Outro objetivo da proibição de Jesus sobre o juramento falso é evitar a vulgarização de Deus. O juramento falso infringe o mandamento que proíbe usar em vão do nome de Deus. O sim do cristão é sim e o seu não é não. Não lhe interessa enganar. Tudo quanto é dito fora destes limites não vem de Deus. Por isso, tem de ser evitado. Enganar os outros significa deturpar o sinal da palavra, torná-la sinal de divisão e confusão, em lugar de comunhão, de fraternidade e de limpidez de coração. Ser verdadeiro no falar é uma forma de imitar o modo de ser de Deus. A religião de Israel era toda baseada na Palavra de Deus. Seria impossível imaginar que Deus quisesse se enganar o seu povo. Do mesmo modo, seria inimaginável que o cristão abusasse da boa-fé de seu próximo. 

Em resumo, para o cristão é suficiente um sim ou um não.

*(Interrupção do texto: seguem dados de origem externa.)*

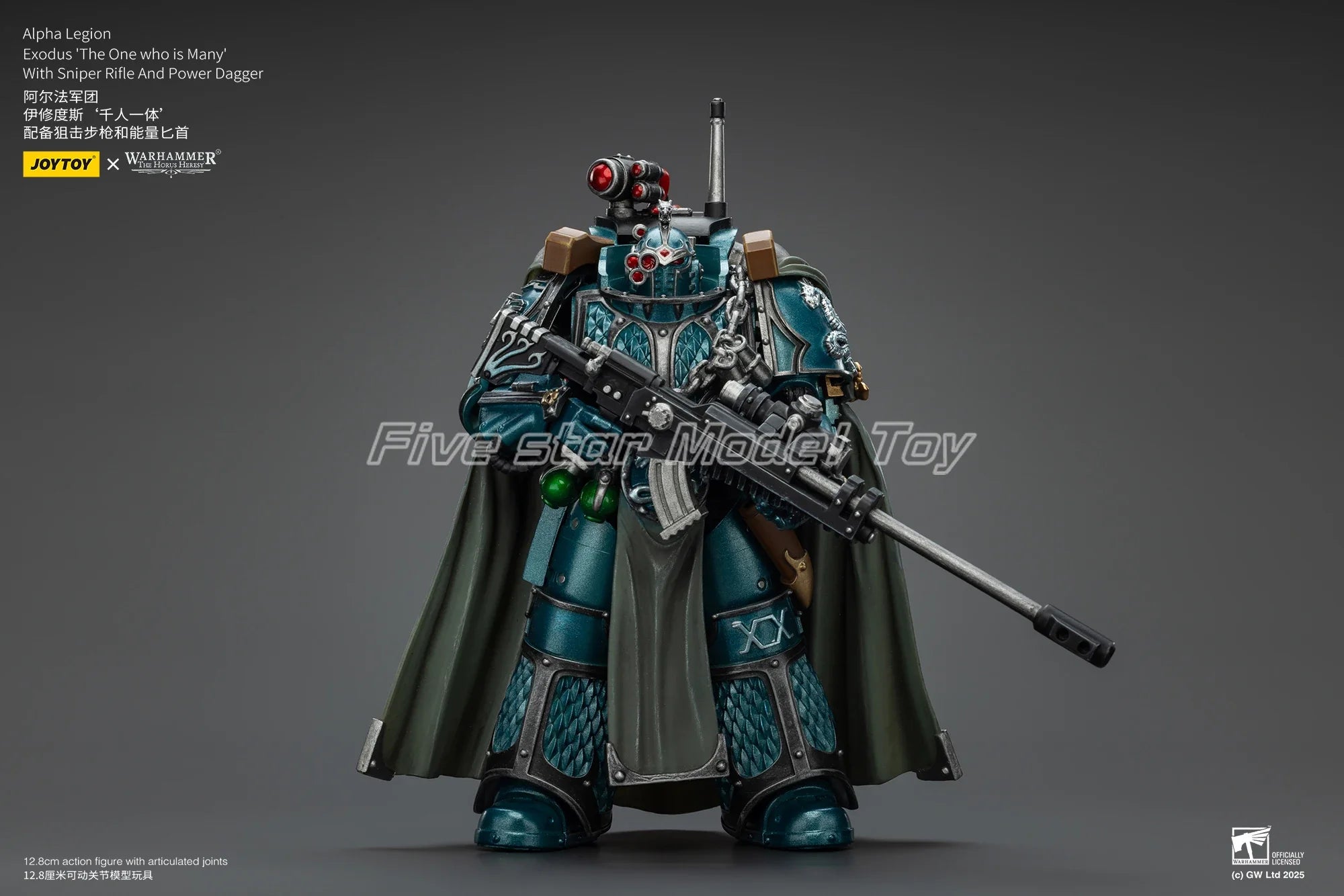 [In Stock] Original JOYTOY Warhammer 40K Alpha Legion Exodus 'The One Who Is Many 1/18 Action Figures Anime Models Toys Gifts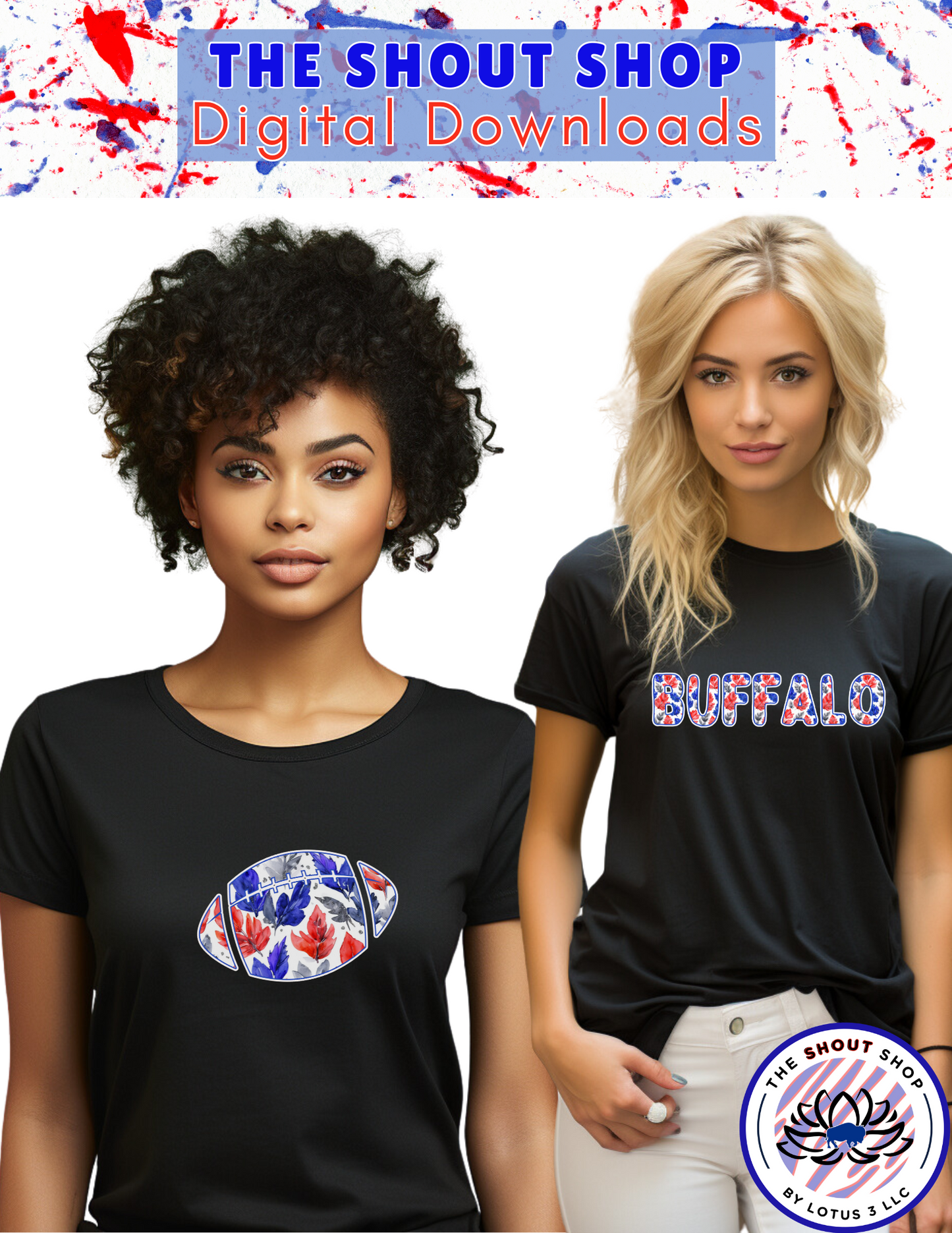 Buffalo Sports Digital Downloads MEGA COLLECTION ALL 13 COLLECTIONS: INCLUDES OVER 100 BUFFALO THEMED DIGITAL DOWNLOAD FILES THAT COME IN PNG FORMAT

Se isto não é suficiente é porque há algo que vem do Maligno; é porque não somos puros de coração, não somos verdadeiros discípulos do Senhor, corremos o risco de nos dirigir a Deus de forma incorreta, de abusar de Seu nome. Em poucas palavras Jesus aboliu a lei do juramento nas relações interpessoais, pois o cristão deve falar a verdade. Ser verdadeiro no falar é uma forma de imitar o modo de ser de Deus. A religião de Israel era toda baseada na palavra de Deus. Seria impossível imaginar que Deus quisesse se enganar o seu povo. Do mesmo modo, seria inimaginável que o cristão abusasse da boa-fé de seu próximo.